Oproep voor zendtijd voor radio-omroep in Nederlandse Staatscourant
Oproep voor zendtijd voor radio-omroep in Nederlandse Staatscourant | |
Auteur | Nederlandse staat |
Genre(s) | |
Brontaal | Nederlands |
Datering | 1 augustus 1923 |
Bron | à Steringa Idzerda. De pionier van de radio-omroep. door P.A. de Boer, Uitgave: De Muiderkring, Bussum, 1969 |
Auteursrecht | Publiek domein |
Op 1 augustus 1923 verscheen in de Nederlandse Staatscourant een oproep aan gegadigden voor radiozendtijd van de minister van Waterstaat. Deze oproep is te beschouwen als de eerste poging van de Nederlandse overheid om de omroep te reguleren. De tekst van deze oproep volgt hieronder.

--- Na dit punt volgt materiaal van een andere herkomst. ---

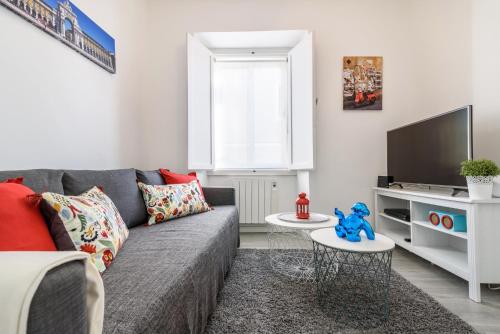  Cozy flat at Alcantara, Ferienwohnung in Lissabon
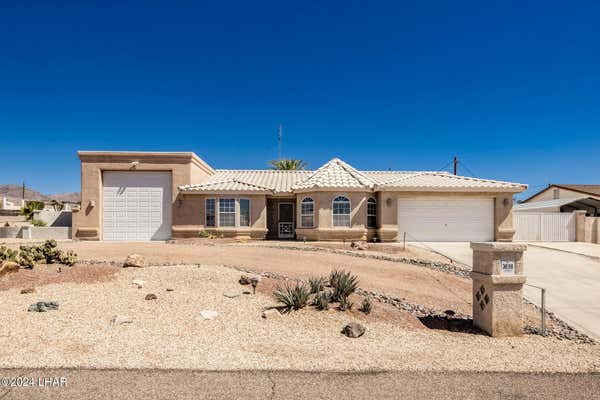 3698 TARPON DR, LAKE HAVASU CITY, AZ 86406 - Image 1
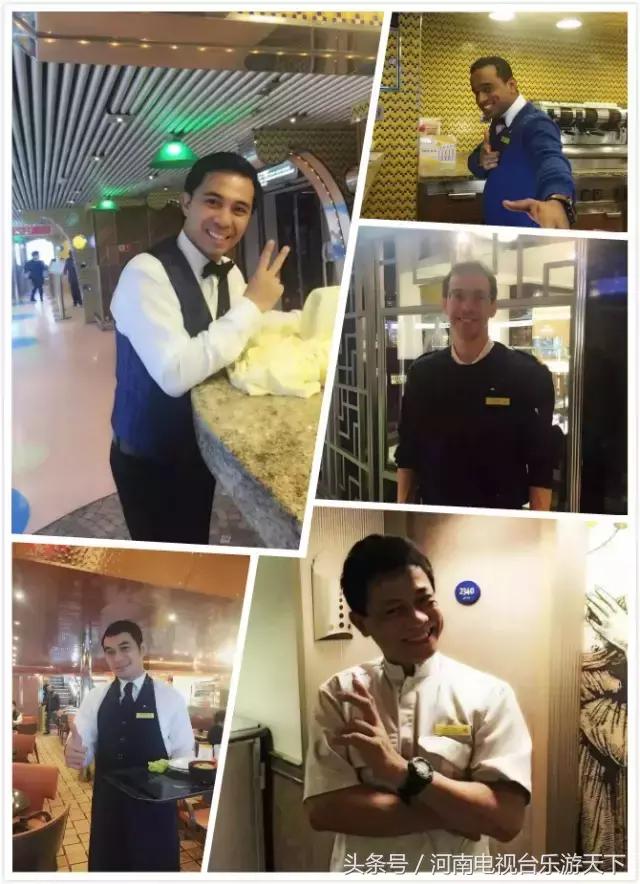 游轮发生什么事,游轮上的夜生活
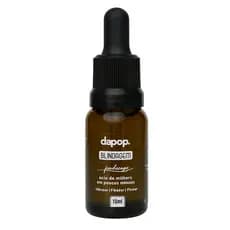 Blindagem Poderosa Dapop 15ml Tom Do Primer Incolor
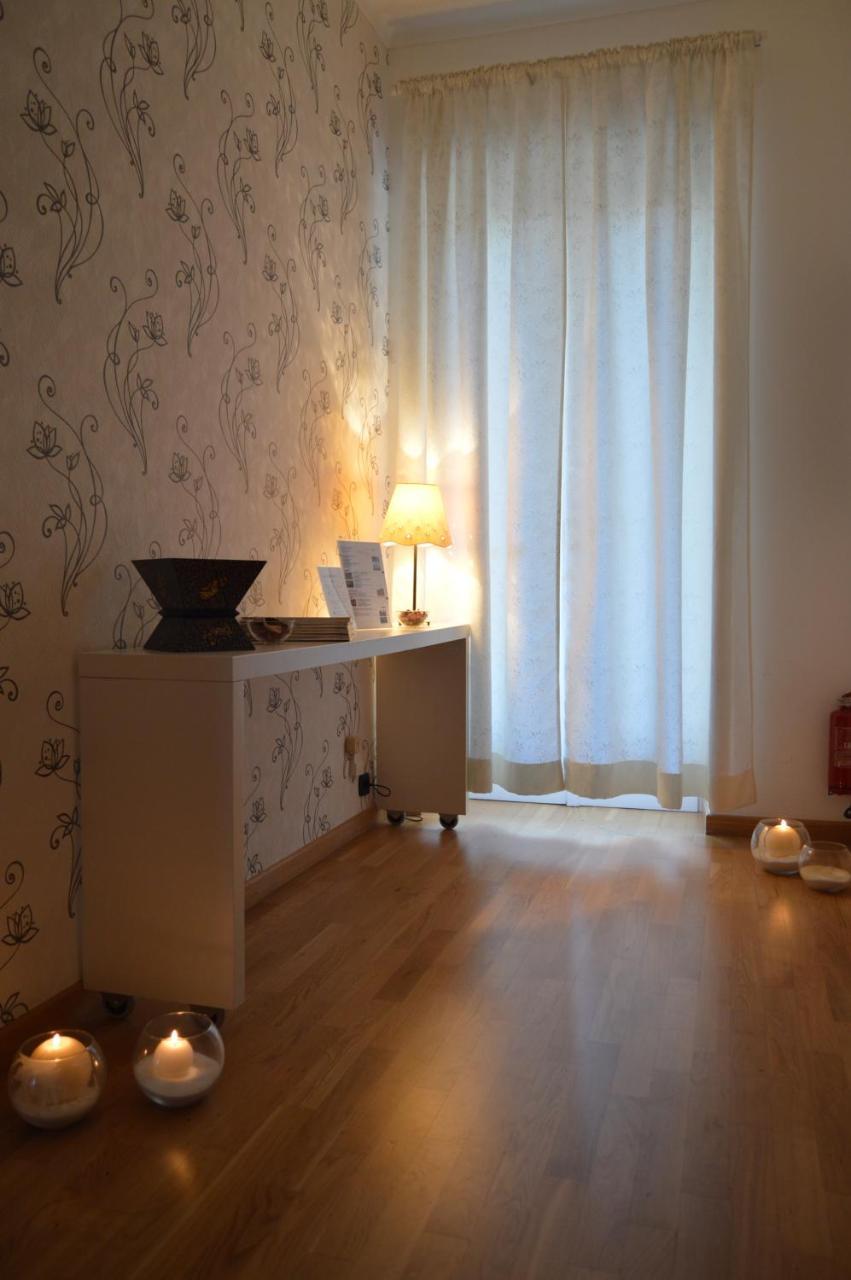 Blue Star Luxury Apartment San Giovanni - Colosseo Roma Eksteriør bilde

Radiotelegrafische en -telefonische rondzending
bewerkenHet voornemen bestaat om dagelijks tusschen 7 en 10 n.m. en des Zondags bovendien van 3 tot 5 n.m., na verkregen machtiging van den Minister van Waterstaat, de gelegenheid te geven voor het rondzenden van mededeelingen aan allen, z.g. broadcasting, waaronder wordt verstaan het verspreiden van mededeelingen van woord- en tooninhoud van ontspannenden, leerzamen, politieken, ethischen en religieuzen aard, bestemd voor allen, die daarnaar wenschen te luisteren.
Hiervoor zullen, in afwachting van internationale regeling, golflengten van 1050 tot 1100 M. worden beschikbaar gesteld, terwijl vermoedelijk eene retributie van 100 gulden per weekuur per jaar zal worden geheven.
Degenen, die voor eene desbetreffende machtiging wenschen in aanmerking te komen, hieronder mede begrepen degenen, die reeds mededeelingen als vorenbedoeld rondzenden, behooren zich met een schriftelijk verzoek te wenden tot den directeur-generaal der posterijen en telegrafie, onder vermelding van de dagen en uren, waarover zij zouden wenschen te beschikken, en verder onder opgaaf van de ligging van het station, van systeem, golflengte en te bezigen antennevermogen. Hieraan kunnen dan al die inlichtingen omtrent werkwijze als anderszins worden toegevoegd, welke den aanvrager nuttig toeschijnen.
De verzoeken behooren vóór 15 Augustus te zijn ingekomen bij het Hoofdbestuur der Posterijen en Telegrafie, Kortenaerkade 12, 's-Gravenhage, onder vermelding van den aard der mededeelingen, welke men zich voorstelt te verspreiden.
Daarna zal overwogen worden op welke wijze door overleg met en samenwerking tusschen de aanvragers zoo volledig mogelijk aan de verzoeken kan worden te gemoet gekomen.